Maybe you’ve heard Dia de los Muertos, or Day of the Dead, described as Mexican Halloween. But according to YWCA Advocate Lorena Ault, it’s much more than that.

“In our culture,” Lorena said, “Dia de los Muertos is a way to celebrate and honor our departed loved ones. Because so many come together for this event, it is also a way for Walla Walla to build community.”
This year’s celebration took place the Wednesday before the two-day holiday that falls on Nov. 1, All Saints Day, which honors the saints and innocent children and Nov. 2, when all others are remembered. The festival is known for spectacular displays of bright flowers and beautifully decorated skulls.

Lorena and Celia
The Villalobos Brothers

Lorena, along with YWCA Community Relationships and Outreach Coordinator Celia Guardado (pictured), led out in the festival planning, assisted by Whitman College Community Fellow Daphne Gallegos.

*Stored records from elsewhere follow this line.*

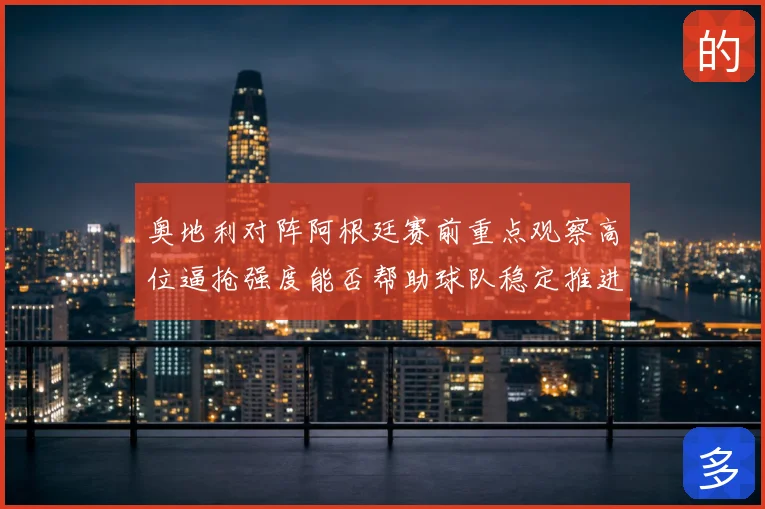 奥地利对阵阿根廷赛前重点观察高位逼抢强度能否帮助球队稳定推进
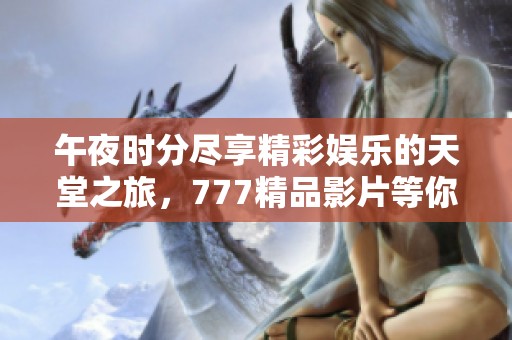 午夜时分尽享精彩娱乐的天堂之旅，777精品影片等你来探寻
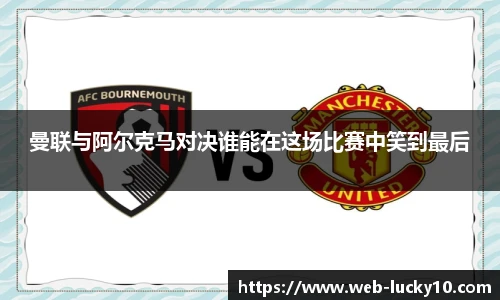 曼联与阿尔克马对决谁能在这场比赛中笑到最后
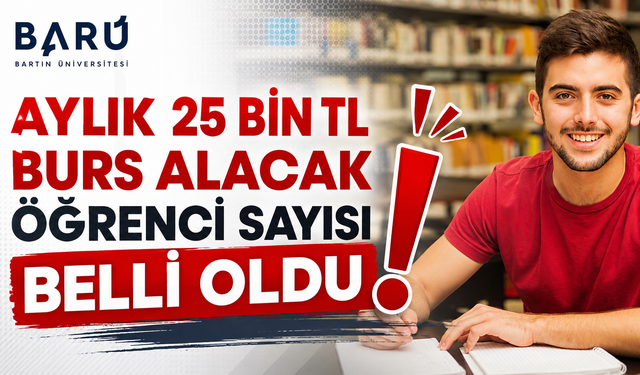 Aylık 25 Bin TL Burs Alacak Öğrenci Sayısı Belli Oldu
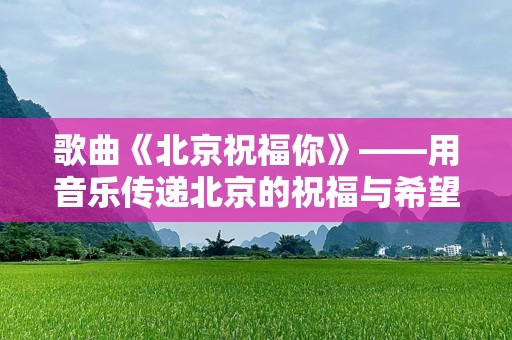歌曲《北京祝福你》——用音乐传递北京的祝福与希望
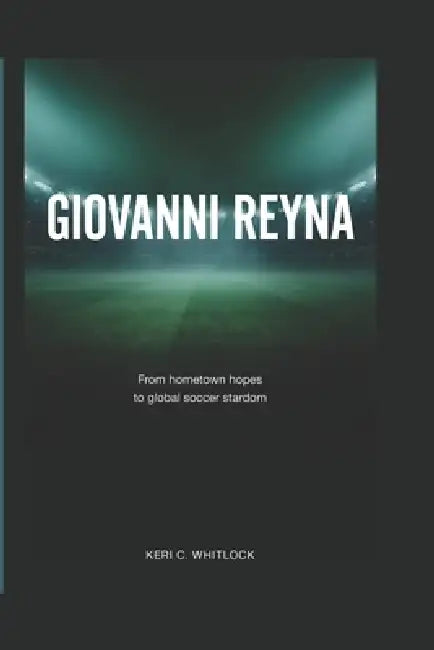 Giovanni Reyna: From Hometown Hopes to Global Soccer Stardom by Keri C. Whitlock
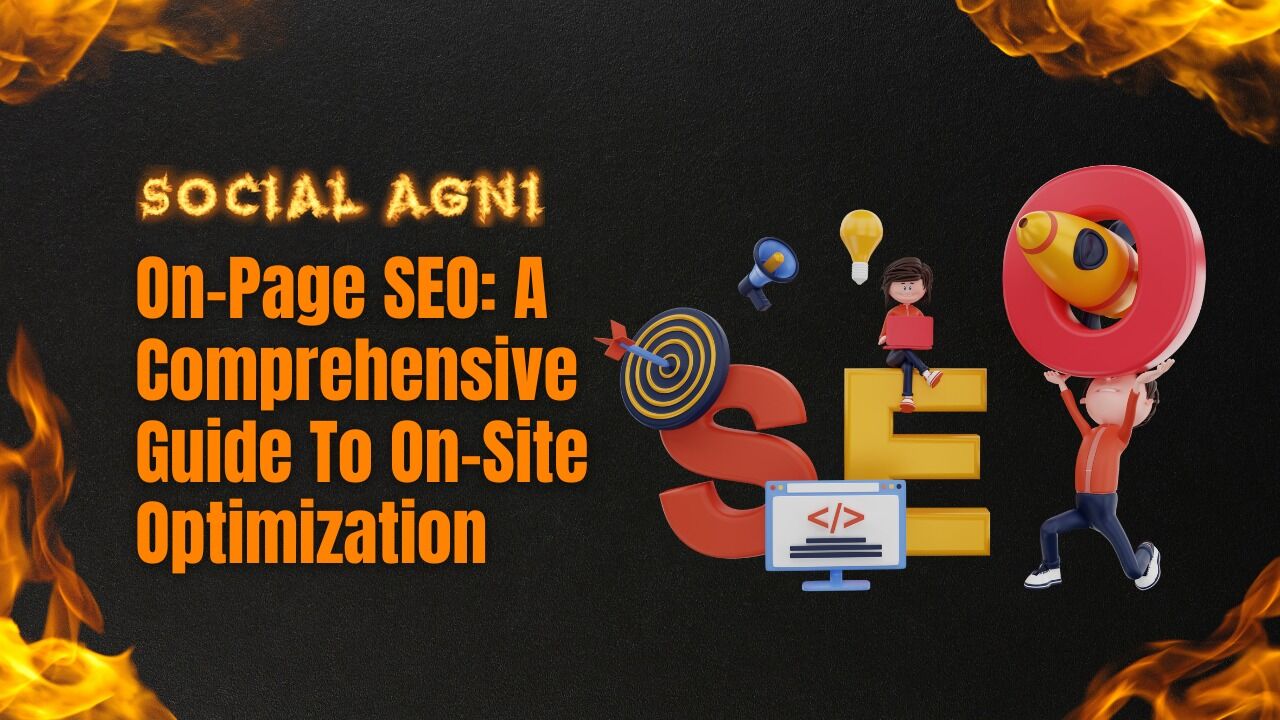 On-Page SEO: A Comprehensive Guide To On-Site Optimization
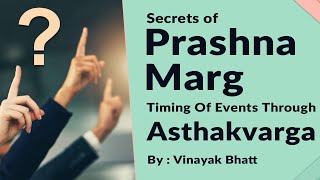 Secrets of Prashna Marg - Timing of events through Asthakvarga By #vinayakbhatt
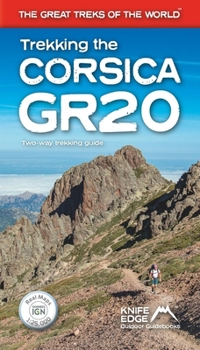 Paperback Trekking the Corsica Gr20: Two-Way Trekking Guide: Real Ign Maps 1:25,000 Book
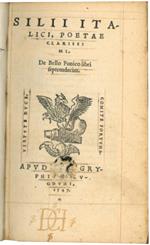 Silii Italici, poetae Clarissi MI, De bello Punico libri septemdecim
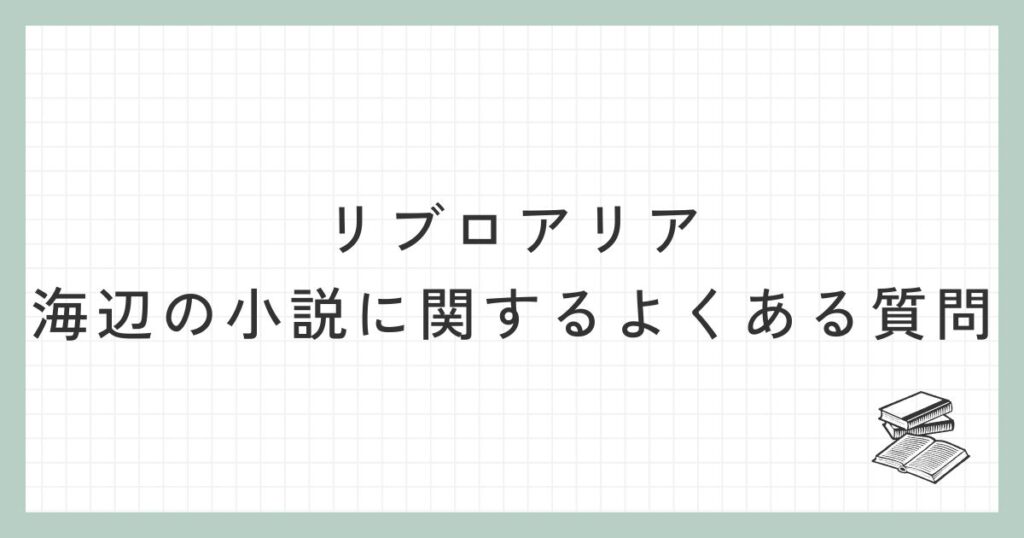 リブロアリアの海辺の小説に関するよくある質問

All three are bilingual and bicultural.

The event incorporated art, music (notably the Villalobos Brothers, pictured, who also performed with the Walla Walla Symphony), food, and dance.
Central to the Day of the Dead is El Altar, a display created to celebrate, remember, honor, and keep a connection with lost loved ones.

Traditional dancers

Lorena noted that memorial displays may not always be called “altars,” but every culture creates displays of love and remembrance in response to death or tragedy. After the death of a celebrity, a mass shooting, a fire, a natural disaster — whenever humans face grief or loss, especially a large, shared loss — displays of flowers, notes, toys, and more appear to comfort the grieving and honor the dead.

Central to the Day of the Dead is El Altar, a display created to celebrate, remember, honor, and keep a connection with lost loved ones.

Spanish-speaking cultures have learned that Art Heals (Cultura Cura). This belief makes the Dia de los Muertos celebration perfect for working with a population that has faced domestic violence and sexual assault. “When trauma and abuse happen to you, even if you survive, something inside you dies,” said Lorena. “Building an altar is a way to cope with that loss. In our support groups, I’ve had clients build altars as a healing ritual. Original pre-Columbian altars had levels to represent the different gods and the steps to the afterlife. Our healing altars can have levels too, to show the progress toward recovering from assault or from a dangerous relationship.”

The planning committee included representatives from many local organizations, including YWCA Walla Walla. In future years, the committee hopes to extend the building of healing altars to more groups who experience trauma, including perhaps veterans or first responders.

“The YWCA mission begins with eliminating racism and empowering women,” said Executive Director Anne-Marie Zell Schwerin. “When we gather to share and celebrate the power of Latin culture, racism falls away. And when ancient rituals are repurposed to heal the wounds of trauma, it has the potential to empower anyone in our community.”